Вопрос: начала ли уже Загряжская это делать или только собирается?

Елизавета с испугом вспомнила ночную посудину, в которую ее вырвало. В обязанности фрейлин не входит прислуживать при туалете, однако вдруг Загряжская туда невзначай заглянет?! Елизавете стало дурно при мысли, какой она была беспечной. Это ведь ужас, что может высмотреть и разнюхать Загряжская, у которой, при всей ее красоте нос и впрямь лисий, пронырливый, вернее даже, барсучий.

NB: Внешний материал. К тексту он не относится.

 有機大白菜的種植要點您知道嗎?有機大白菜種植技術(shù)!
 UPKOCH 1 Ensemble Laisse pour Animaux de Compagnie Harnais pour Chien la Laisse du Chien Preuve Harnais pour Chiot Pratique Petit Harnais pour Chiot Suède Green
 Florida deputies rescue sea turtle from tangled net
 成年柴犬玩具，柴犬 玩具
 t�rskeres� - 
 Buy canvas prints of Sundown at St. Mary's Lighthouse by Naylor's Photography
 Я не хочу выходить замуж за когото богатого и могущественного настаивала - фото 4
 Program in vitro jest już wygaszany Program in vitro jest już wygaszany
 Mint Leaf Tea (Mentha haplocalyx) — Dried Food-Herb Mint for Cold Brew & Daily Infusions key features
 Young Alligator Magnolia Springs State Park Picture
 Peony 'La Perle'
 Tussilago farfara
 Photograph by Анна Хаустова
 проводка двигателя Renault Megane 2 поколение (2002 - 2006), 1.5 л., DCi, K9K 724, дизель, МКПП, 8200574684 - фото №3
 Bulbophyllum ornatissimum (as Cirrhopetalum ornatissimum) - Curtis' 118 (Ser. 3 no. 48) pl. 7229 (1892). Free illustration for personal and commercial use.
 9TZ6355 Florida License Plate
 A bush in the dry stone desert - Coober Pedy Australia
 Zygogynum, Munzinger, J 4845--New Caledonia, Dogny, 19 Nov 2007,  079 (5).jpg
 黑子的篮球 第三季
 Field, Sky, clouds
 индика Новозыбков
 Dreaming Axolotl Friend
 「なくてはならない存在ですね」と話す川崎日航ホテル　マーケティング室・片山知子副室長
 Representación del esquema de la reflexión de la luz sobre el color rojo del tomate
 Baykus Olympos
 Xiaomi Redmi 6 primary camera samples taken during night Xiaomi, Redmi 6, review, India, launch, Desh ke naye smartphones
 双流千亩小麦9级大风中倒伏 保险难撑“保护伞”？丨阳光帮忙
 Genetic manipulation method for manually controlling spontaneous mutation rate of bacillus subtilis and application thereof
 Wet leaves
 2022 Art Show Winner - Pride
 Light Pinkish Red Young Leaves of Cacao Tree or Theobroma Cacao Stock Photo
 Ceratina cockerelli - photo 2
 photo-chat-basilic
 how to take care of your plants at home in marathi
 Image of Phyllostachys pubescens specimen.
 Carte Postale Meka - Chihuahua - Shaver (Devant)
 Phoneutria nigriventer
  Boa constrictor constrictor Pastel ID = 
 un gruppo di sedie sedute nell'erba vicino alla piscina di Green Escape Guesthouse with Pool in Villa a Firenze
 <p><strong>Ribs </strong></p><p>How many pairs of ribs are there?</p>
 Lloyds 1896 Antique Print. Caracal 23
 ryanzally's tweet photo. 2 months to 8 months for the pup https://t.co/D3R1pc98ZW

Впрочем, Елизавета знала, что сейчас не время придаваться слабости, не время трусить.

– Передайте государю, что я чувствую себя превосходно. Навещать меня как болящую нет надобности. Я сама выйду к обеду, пусть его величество не тревожится.

Промельк разочарования в темных глазах Загряжской доставил ей мимолетное удовольствие и придал силы. И все же Елизавета чувствовала себя физически слабой, настолько, что едва смогла подняться. Но она вспомнила черные кудри, которые накручивала на палец, вспомнила, как длинные ресницы щекотали ей щеку, как она смеялась в его целующие губы... И засмеялась снова. Что бы с ней ни произошло, как бы ни был жесток и равнодушен муж, как бы ни изощрялась Катрин и ни ломало нездоровье, сколько бы ни сплетничали приближенные – никто и ничто не сможет отнять у нее блаженных воспоминаний о минувшей ночи и череде других подобных же ночей, о том счастливейшем, лучшем в ее жизни времени, когда все это началось для нее...

* * *

– Ваше высочество... – Катрин присела перед братом.

Константин пожал плечами. Оно конечно, noblesse oblige,[5] и все такое, но эти церемонии, которые порой начинали разводить сестры, его порядком раздражали. Таким же и покойный батюшка был, от него девчонки глупостей нахватались. С матушкой и старшим братом проще. Императора Константин вообще Сашкой зовет, и ничего. Разумеется, не прилюдно – прилюдно он и сам не Костя, не Котька, не Константин даже, а великий князь Константин Павлович. Но сестрицы любили все эти приседания вокруг себя, особенно великая княжна Екатерина Павловна, а попросту – Катрин. Даже когда брат Александр писал ей, то всегда обращался на «вы». Однако письма эти были как раз из тех, где обращение на «ты» выглядело бы куда уместней...

Однажды Константин зашел в его кабинет и увидел на столе кругом измаранный чернилами листок – brouillon[6].

Александр все свои письма с брульонами писал, хотя давненько канули в Лету те постылые времена, когда над юными великими князьями вечно нависал учитель французской грамматики. Константину сразу бросились в глаза слова весьма нежные и пылкие:

«Прощайте, очарование моих очей, владычица моего сердца, светоч века, чудо природы, а лучше – Бизям Бизямовна с приплюснутым носиком...»

Константин вскинул брови. Прозвище Бизям Бизямовны носила в семье Катрин. Значит, Сашка писал ей. Ну что ж, всем известно: Катрин обожает брата, а он обожает, когда обожают его. И всегда готов ответить привязанностью на привязанность.

Константин скользнул взглядом по письму дальше:

«Что поделывает ваш дорогой носик? Мне так приятно прижиматься к нему и целовать его!»